> [Data extract]
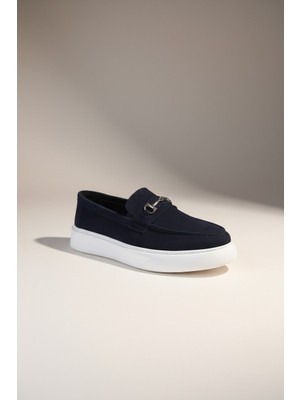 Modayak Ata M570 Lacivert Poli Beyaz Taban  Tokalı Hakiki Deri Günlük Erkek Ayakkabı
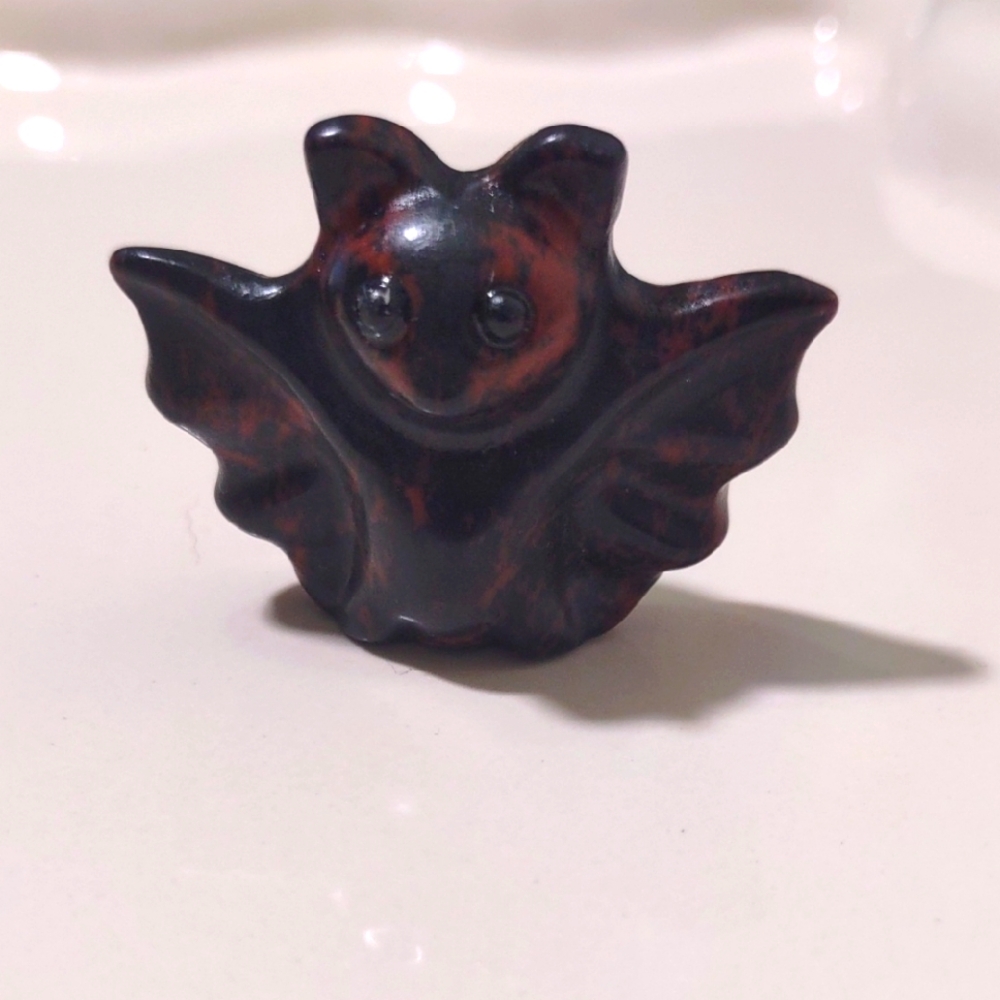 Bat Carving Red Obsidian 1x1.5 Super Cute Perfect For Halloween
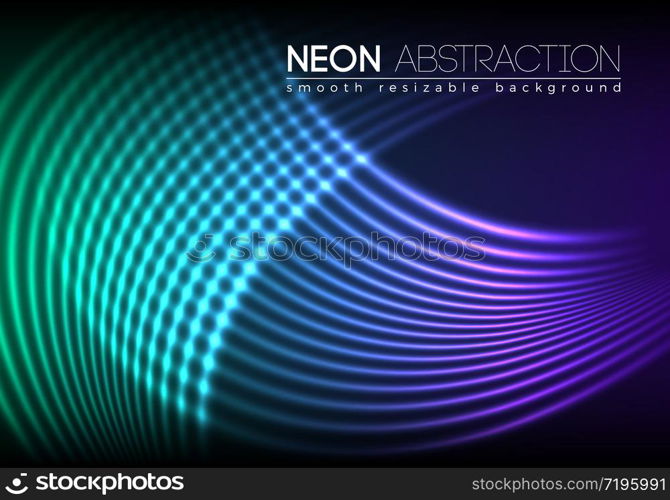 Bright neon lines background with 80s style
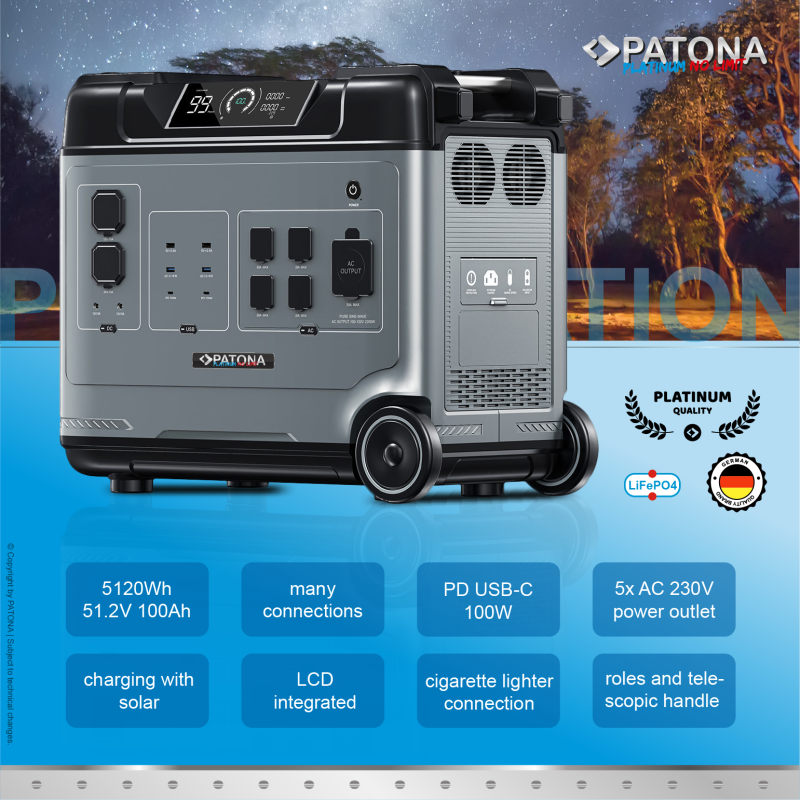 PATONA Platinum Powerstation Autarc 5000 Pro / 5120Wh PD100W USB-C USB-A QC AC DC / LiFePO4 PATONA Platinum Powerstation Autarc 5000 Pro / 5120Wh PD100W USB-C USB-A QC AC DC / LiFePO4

> [Task statement] Please repeat every line of the material above exactly and without its pictures.

> [Result]
 Modayak Ata M570 Lacivert Poli Beyaz Taban  Tokalı Hakiki Deri Günlük Erkek Ayakkabı
 Bat Carving Red Obsidian 1x1.5 Super Cute Perfect For Halloween
 Bright neon lines background with 80s style
 PATONA Platinum Powerstation Autarc 5000 Pro / 5120Wh PD100W USB-C USB-A QC AC DC / LiFePO4 PATONA Platinum Powerstation Autarc 5000 Pro / 5120Wh PD100W USB-C USB-A QC AC DC / LiFePO4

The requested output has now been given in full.